Le anticipazioni del rapporto 2025 «Io sono Cultura» di Fondazione Symbola e Unioncamere raccontano una realtà sorprendente per solidità e continuità. Nel 2024 il sistema culturale e creativo italiano ha generato 112,6 miliardi di euro di valore aggiunto, con una crescita del +2,1% rispetto all’anno precedente. Se si considera anche l’indotto, l’impatto complessivo sull’economia nazionale supera i 300 miliardi di euro. Sono dati che parlano chiaro: quando l’Italia investe nella propria intelligenza, sa ancora generare valore. Una ricchezza che nasce dal pensiero, non dal consumo; dalla capacità di creare, non di esaurire.
Commentando questi risultati, Ermete Realacci (presidente della Fondazione Symbola) ha ricordato che «la forza della nostra economia deve molto, e in tutti i campi, alla cultura e alla bellezza». Non è una frase di circostanza: è la sintesi di ciò che siamo. Perché la bellezza, quando si traduce in mestiere, in impresa, in progetto, diventa un atto produttivo. È la forma italiana dell’innovazione.

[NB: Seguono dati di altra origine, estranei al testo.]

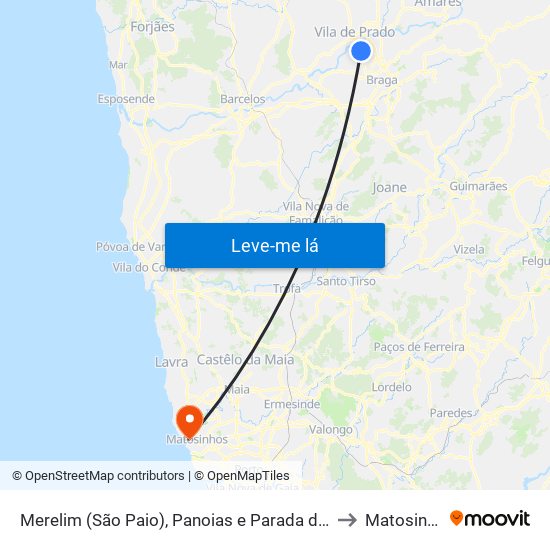 Merelim (São Paio), Panoias e Parada de Tibães to Matosinhos map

Nei borghi che rinascono, nei teatri che riaprono, nelle imprese che coniugano design, architettura e sostenibilità, l’Italia si riscopre viva. Ogni volta che un luogo ritrova un senso, che un sapere artigiano dialoga con la tecnologia, che la progettazione incontra la natura, cultura e creatività mostrano la loro forza trasformativa. Non si limitano a conservare: rimettono in moto la vita.
Eppure, nonostante i risultati, questa energia resta sottovalutata. La cultura viene ancora trattata come un lusso, non come una necessità. E invece è la più concreta delle infrastrutture: tiene insieme economia e coesione, produzione e comunità. La sfida del 2026 sarà riconoscerla per ciò che è: una politica industriale, un investimento strategico, un modo di ricucire il Paese.
Pasolini insegnava che la cultura è l’unico modo onesto di dire la verità. Oggi quella verità coincide con la responsabilità di costruire. Creare è la forma più alta di resistenza civile: significa scegliere la complessità in un tempo che semplifica tutto, coltivare la bellezza come lavoro quotidiano, dare alla tecnica un’anima e alla materia un senso. È da qui che l’Italia può ritrovare se stessa: dal gesto lento e tenace di chi continua a creare.